---- MATERIAL FOR THIS EXERCISE
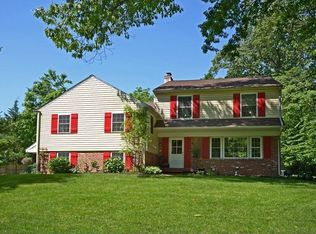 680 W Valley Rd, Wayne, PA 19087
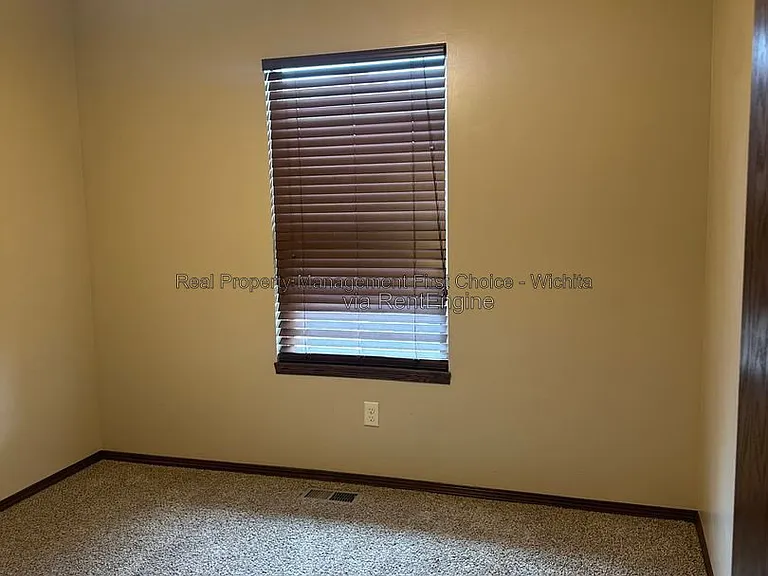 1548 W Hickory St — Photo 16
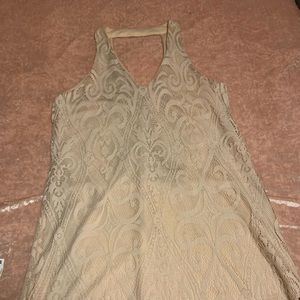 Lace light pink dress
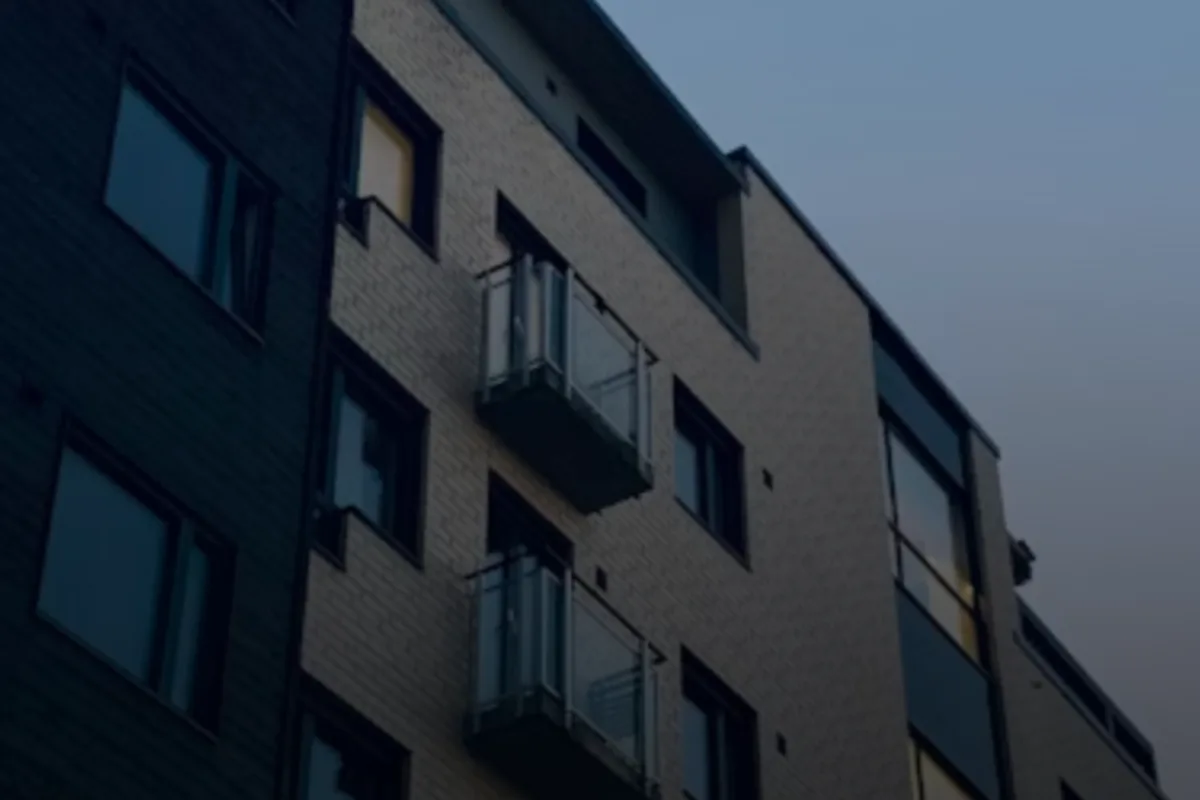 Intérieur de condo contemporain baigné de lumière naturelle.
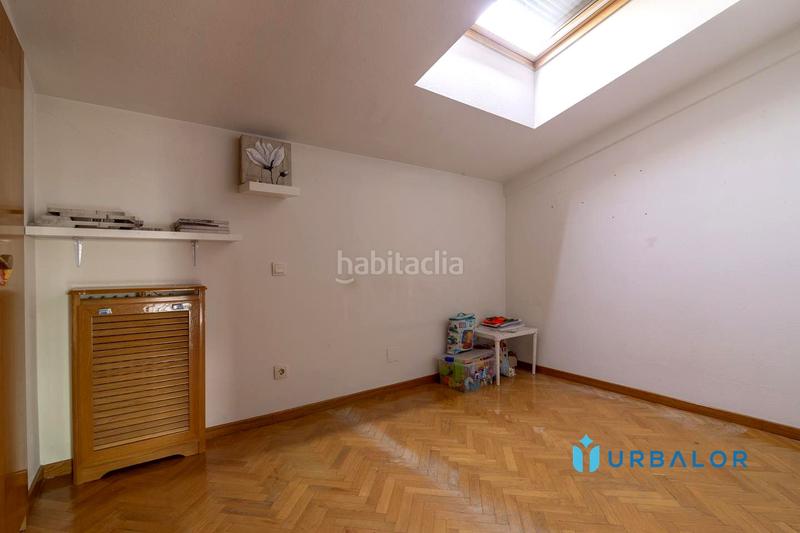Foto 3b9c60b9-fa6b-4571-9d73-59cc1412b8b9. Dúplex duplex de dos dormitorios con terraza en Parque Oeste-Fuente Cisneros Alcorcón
--------
WORK ITEM: Your copy should hold only the lines from the one containing "1548 W Hickory St — Photo 16" through the last line of the listing, both included, retyped exactly and free of pictures.

OUTPUT:
 1548 W Hickory St — Photo 16
 Lace light pink dress
 Intérieur de condo contemporain baigné de lumière naturelle.
Foto 3b9c60b9-fa6b-4571-9d73-59cc1412b8b9. Dúplex duplex de dos dormitorios con terraza en Parque Oeste-Fuente Cisneros Alcorcón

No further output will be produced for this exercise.